I smashed his head against a doorframe and he ceased to move. Something broke, something shattered and it echoed in the quiet house and still does between my ears. He fell with his neck twisted awkwardly. He would never touch my sister again. He was a corpse. I was not sure of that at the time. I ran before the paramedics came and discovered that his skull was in several pieces. I was a fugitive when they had a lovely service for him. A beloved husband, diligent father, and charismatic foreman received a quaint send-off. His elegy did not contain years of sexual abuse that forever scarred his grandchildren. There was not a mention of his predatory nature, tearing off panties during secret conquests, showing the gun that would be used on those who told, of his unseen transformation from man to hellish fiend. They showed a slide-show of photos, not one of which was of my sister or my cousins crying into a thinning pillow, nor did they have one of a bloody vagina, a broken spirit or a concrete fear of intimacy.

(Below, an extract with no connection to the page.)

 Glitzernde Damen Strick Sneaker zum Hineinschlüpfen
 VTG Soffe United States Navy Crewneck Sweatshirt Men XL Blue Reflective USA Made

Everyone’s jaw was shut. Discussing such atrocities would forever stain the clean air that we breathed. Unsheathing that snake would force us all to swallow a bit of poison. It would not be something we could laugh off or forget, it would be a hard, eternal nail goring into our chests. Instead we forced the victims to stand alone. The misery is theirs and theirs alone. That turmoil is locked under their ribcage and they will never get their hands on the key to set it free. We refuse to give it to them. We are monsters.
"Who's your favorite Kiss member? Mine's Peter Criss."
He startles me. I was somewhere else, somewhere darker. He has wrapped his mind tight around a speck and reaps the blissful ignorance. I am trapped between regret and triumph.
"None. I don't care about Kiss."
He can only react by rocking harder. He seems to be taking the name of his favorite kind of music too literally. He seems to be close to going into a seizure. He seems to have no idea that he is pestering a murderer, that his seat-mate is guilty of patricide.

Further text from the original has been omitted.